Autre facteur en sa faveur : la menace présidentielle de Marine Le Pen pourrait ne pas se répéter lors du vote législatif alors que l'extrême-droite semble devoir être divisée entre le Rassemblement national et le camp de l'autoritaire Eric Zemmour.

"Je pense que Emmanuel Macron s'en sortira relativement bien aux élections de juin," indique à euronews, Douglas Webber, professeur émérite à l'INSEAD (Institut européen d'administration des affaires), "même s'il ne fera pas aussi bien ou ne gagnera pas de manière aussi décisive que la dernière fois," poursuit-il, "car la dernière fois, il était nouveau, il n'avait pas à se présenter sur son bilan."

"Pour construire une majorité à l'Assemblée, il devra probablement chercher le soutien d'autres partis et il pourrait trouver suffisamment de députés pour le soutenir parmi la droite traditionnelle et la gauche plus modérée, ainsi qu'auprès des élus du Parti socialiste et surtout, des Républicains," précise-t-il.

2. Emmanuel Macron pourrait être confronté à un retour de flamme malgré sa victoire

Emmanuel Macron a remporté la présidentielle en partie grâce à des voix supplémentaires qui lui ont été "prêtées" pour barrer la route à Marine Le Pen malgré une certaine défiance à l'égard du "front républicain" qui s'était uni pour rejeter son père il y a 20 ans.

De nombreux sympathisants de gauche, qu'ils aient voté à contrecœur ou non pour Emmanuel Macron dimanche, ont peut-être encore plus de ressentiment envers l'homme de l'Élysée alors qu'il s'installe pour un second mandat.

Le premier tour de l'élection présidentielle a confirmé l'existence de trois blocs nouvellement ancrés dans le nouveau paysage politique français : les centristes pro-européens du président sortant, l'insurrection nationaliste de Marine Le Pen et la gauche dure de Jean-Luc Mélenchon.

Dans l'ensemble, chacun d'entre eux bénéficie du soutien d'environ un tiers de l'opinion publique.

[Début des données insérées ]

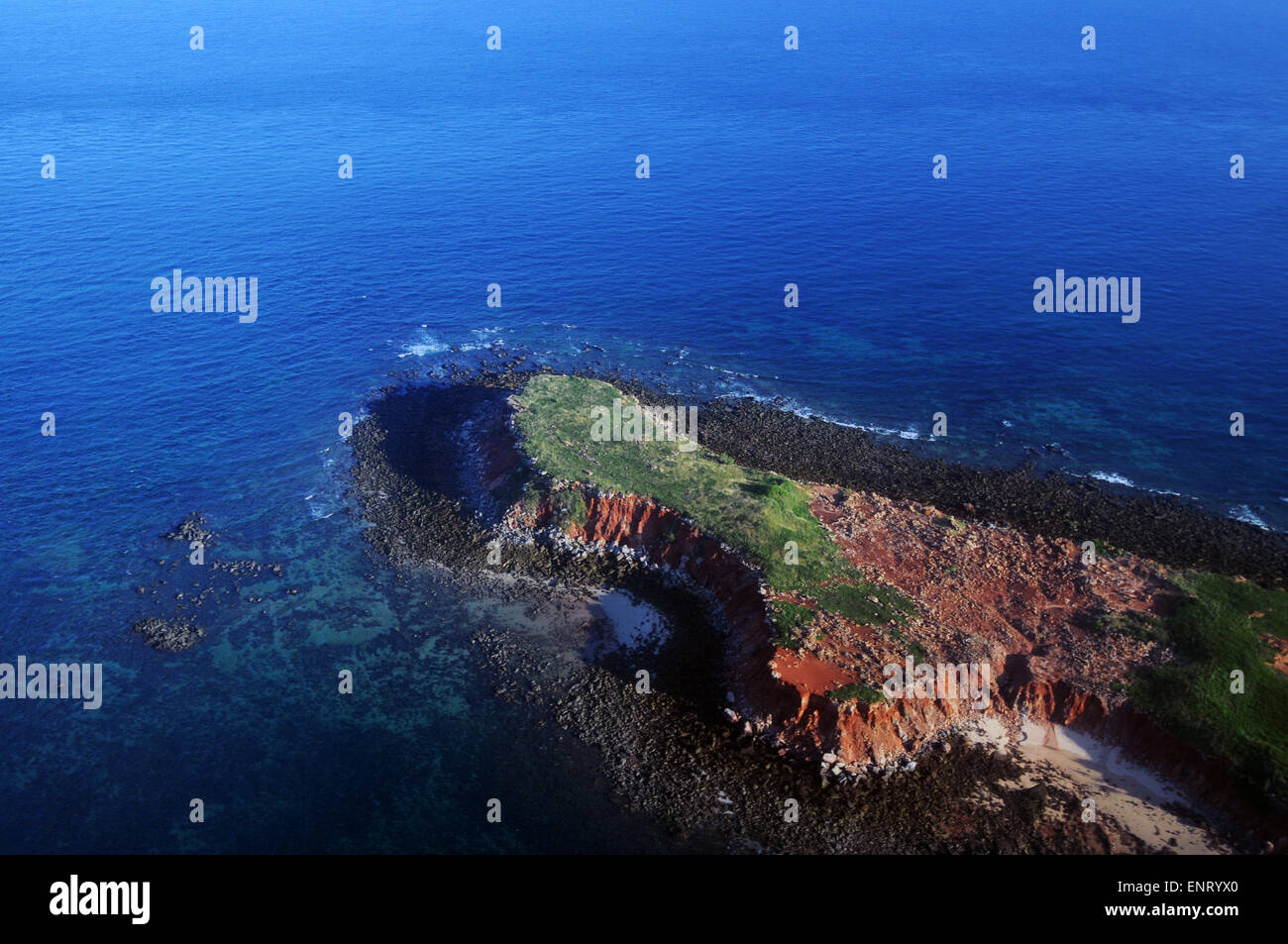 Cape Leveque, Dampier Peninsula, Kimberley-Region in Western Australia Stockfoto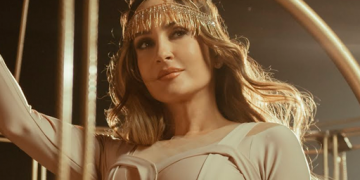 Claudia Leitte lança novo single em parceria com cantor do Panamá; confira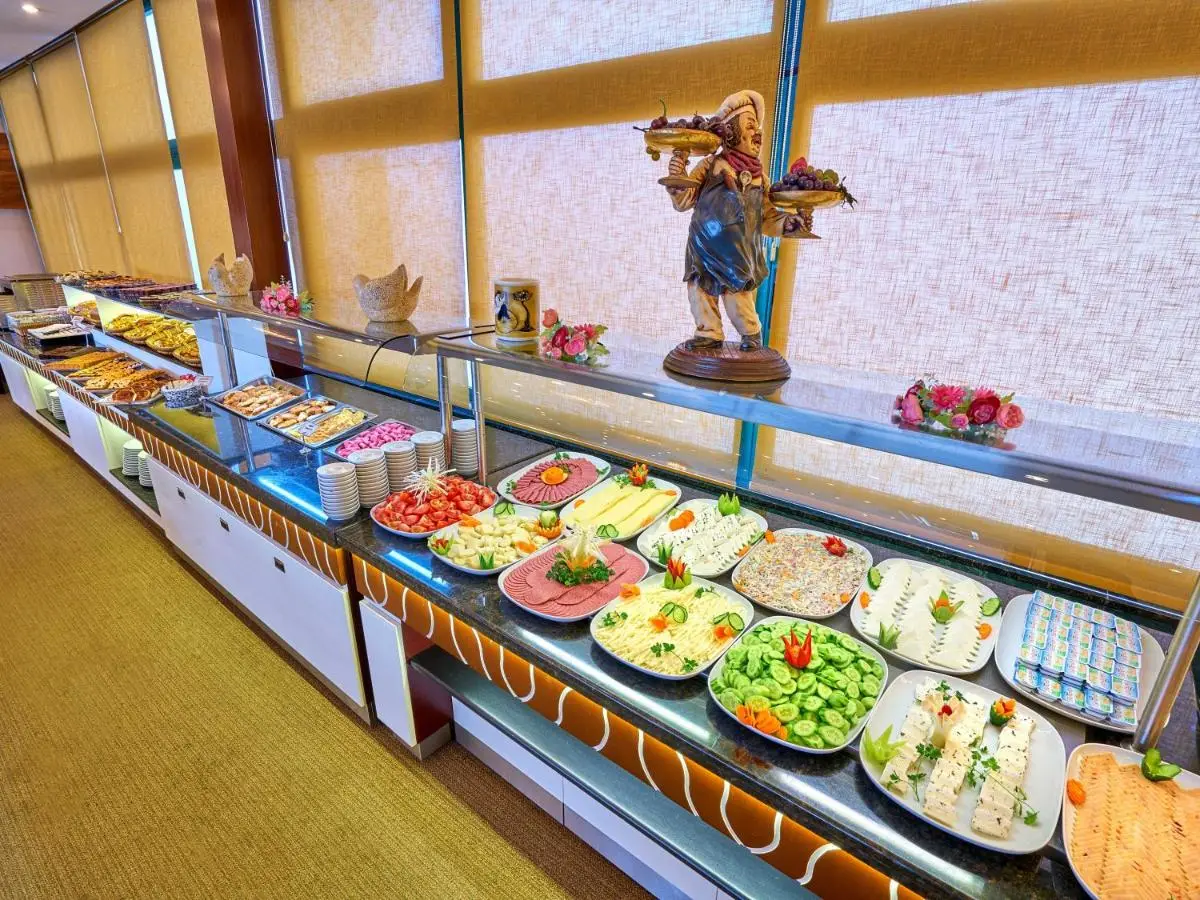 Feronya Hotel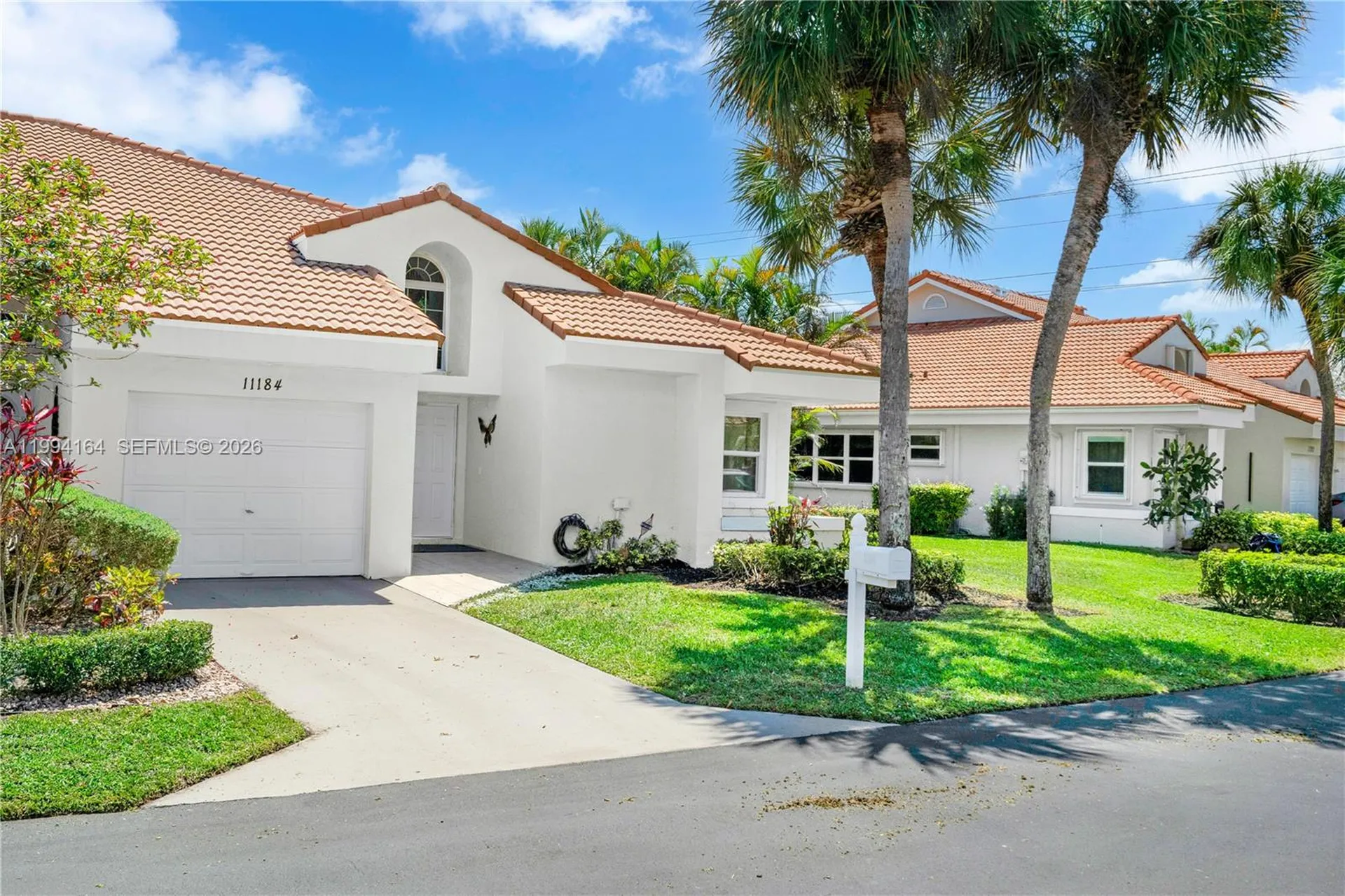 11184 Sangria Court Boca Raton FL 33498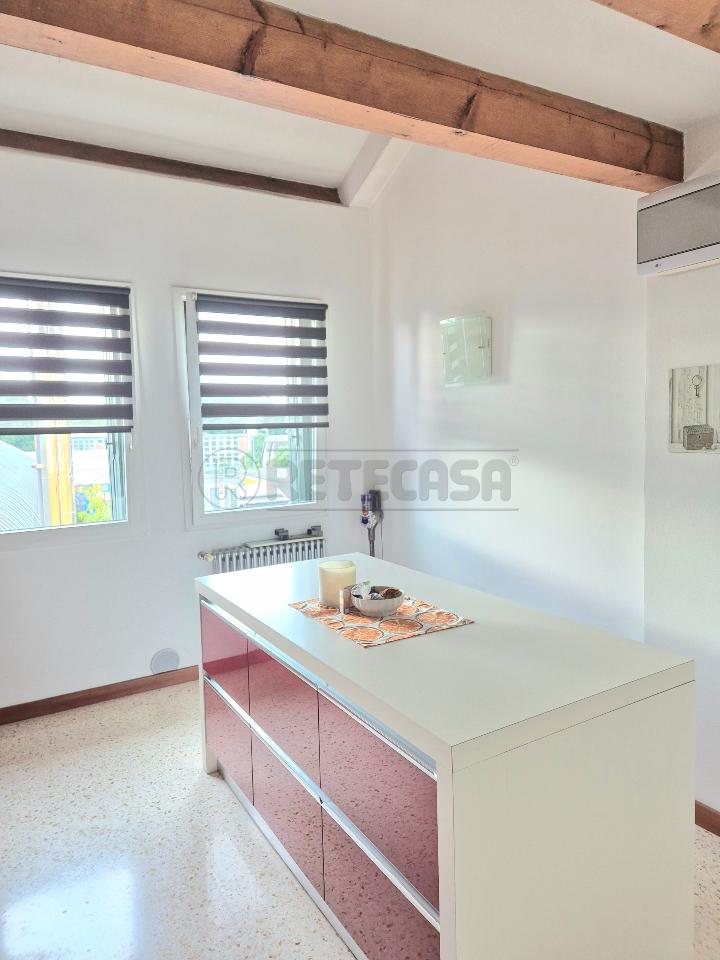 appartamento in vendita a Vicenza in zona San Felice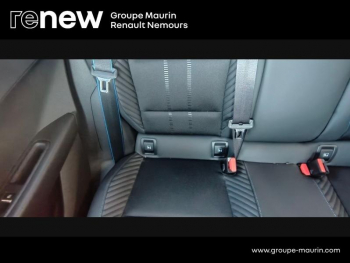 Photo 35 du bon plan RENAULT Clio 1.8 E-Tech 160ch full hybrid esprit Alpine occasion à 28900 €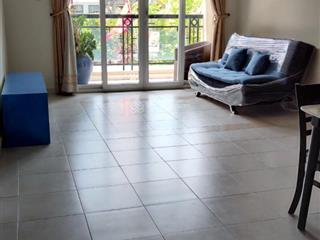 Bán gấp chung cư b1 trường sa, quận bình thạnh  55m2  2pn  giá 3,95 tỷ  vị trí đắc địa gần đại học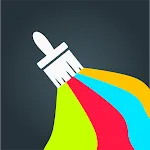 Recolor - Change Colors | Indus Appstore | App Icon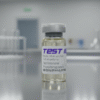 Ironpharma Test 150 Testosterone Phenylpropionate 150mg/ml
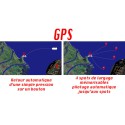 Amorceur pour bateau radiocommandé Bateau Amorceur Bait 2500 Amorceur pour bateau radiocommandé Bateau Amorceur Bait 2500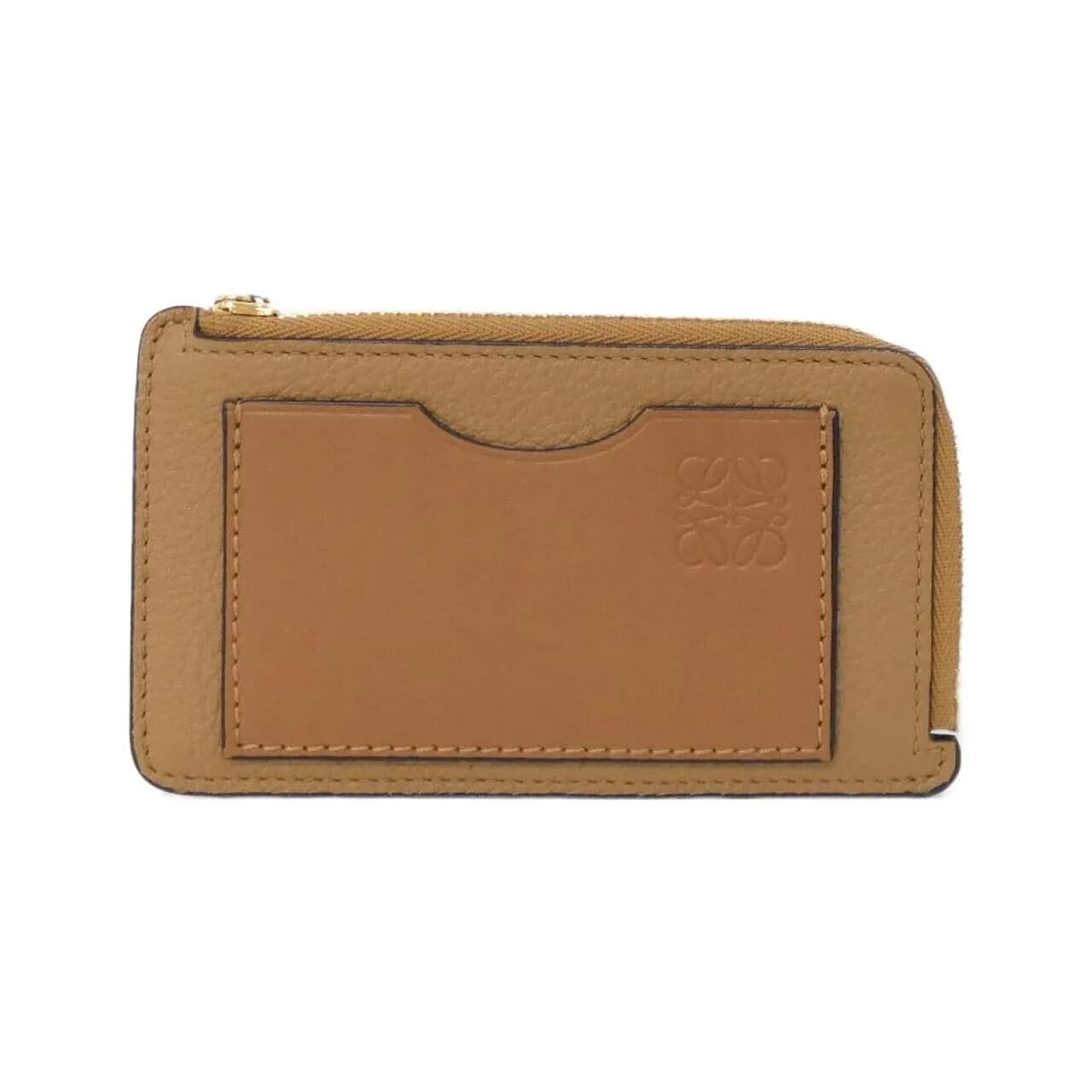 LOEWE C660Z40X07 Coin Case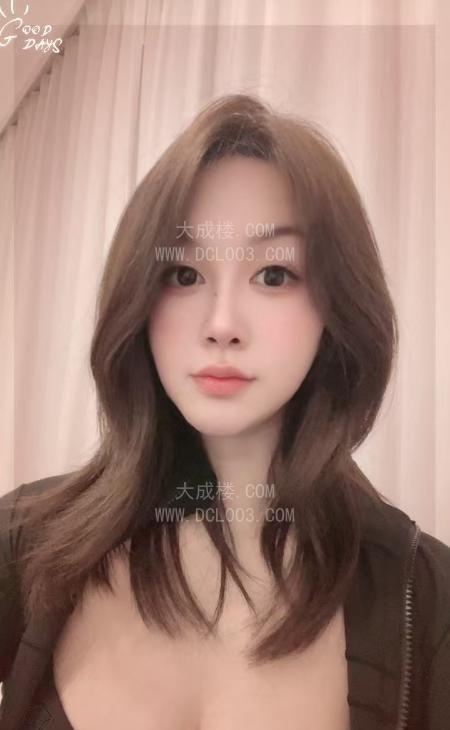 普陀长腿大胸芊芊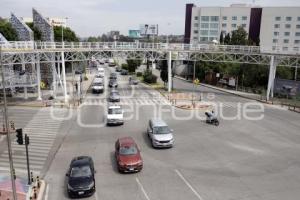 BULEVAR HERMANOS SERDÁN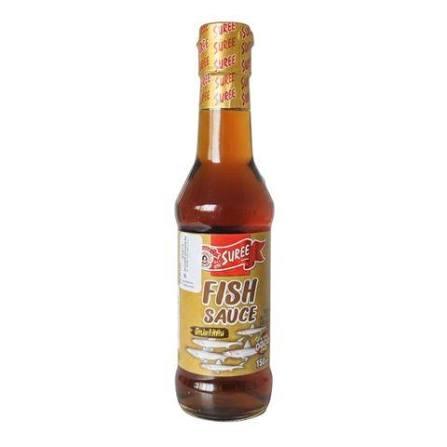 Fish Sauce ( Big)
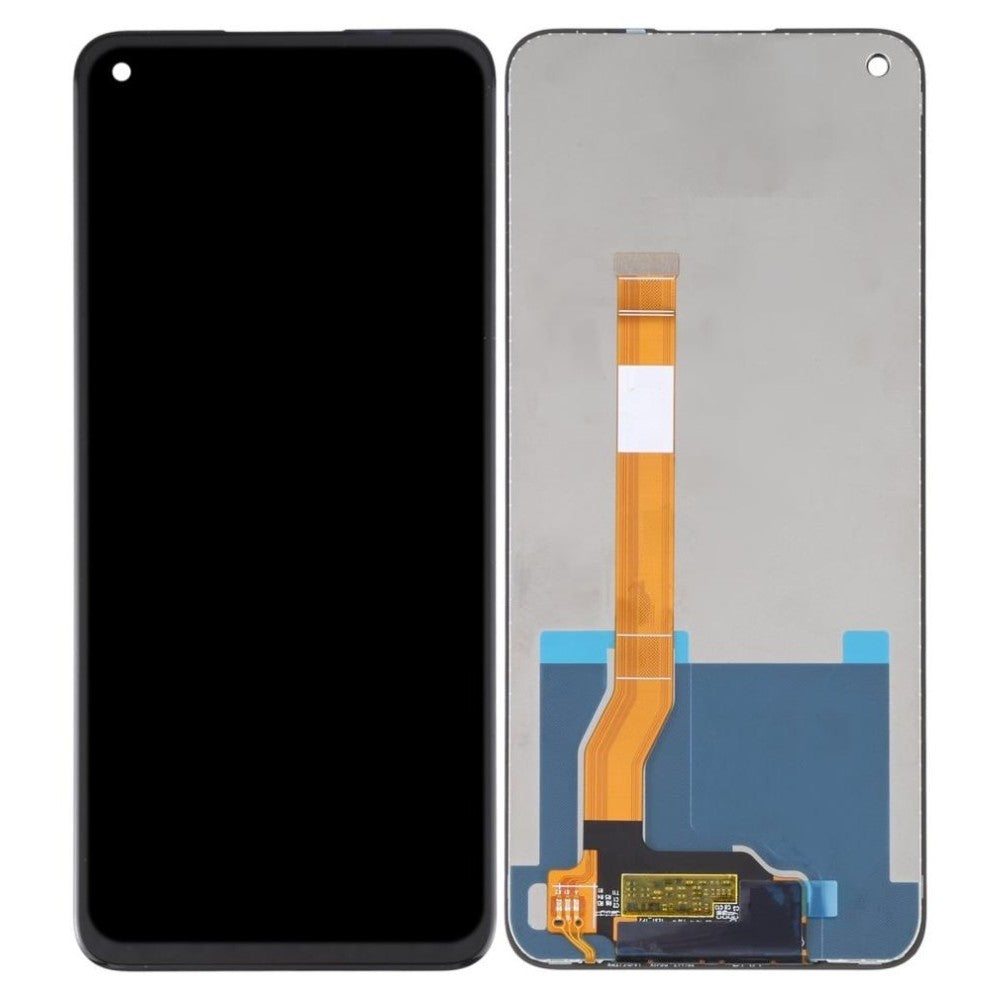 LCD Y TOUCH ONE PLUS NORD CE 2 LITE 5G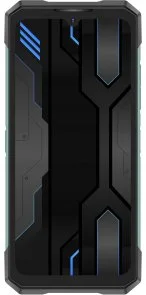 Фото: Смартфон Doogee S200 X VIP 5G 12/512GB Green (6923740293812) № 3 | KTC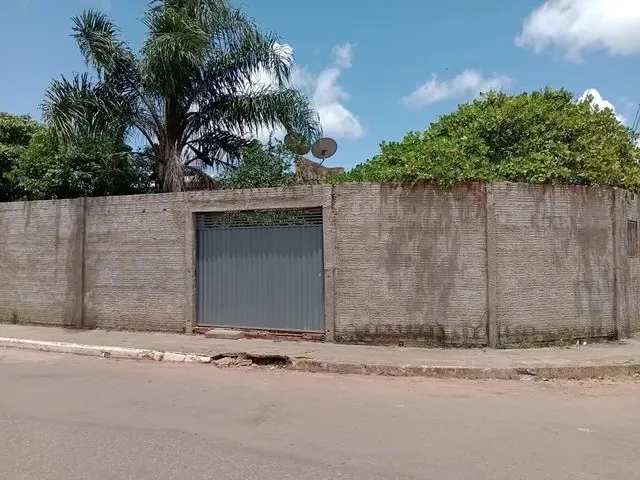 Imagem: Vendo Casa na Cidade do Povo Bem Abaixo
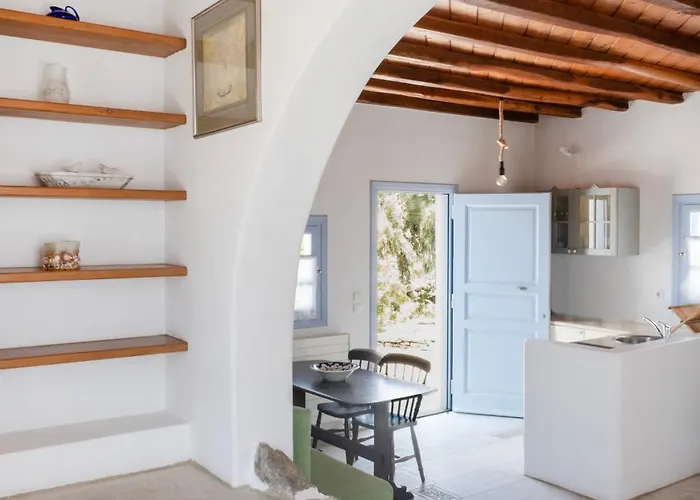 빌라 Nama 수퍼 파라다이스 비치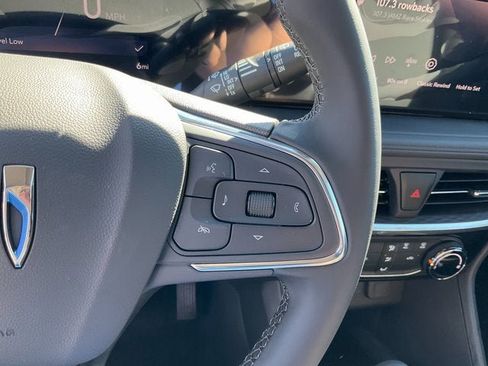 New 2026 Buick Encore GX Sport Touring image 8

La "gauche" et les "nationalistes" n'ont pas grand-chose en commun si ce n'est une hostilité envers le président, son mouvement et "l'establishment". L'opposition des deux tiers des électeurs devrait ainsi compliquer la gouvernance.

"La France restera un pays profondément divisé," assure Douglas Webber. "Emmanuel Macron peut compter sur le soutien de moins d'un électeur français sur trois - 27 % ou 28 % - au premier tour des législatives," déclare-t-il.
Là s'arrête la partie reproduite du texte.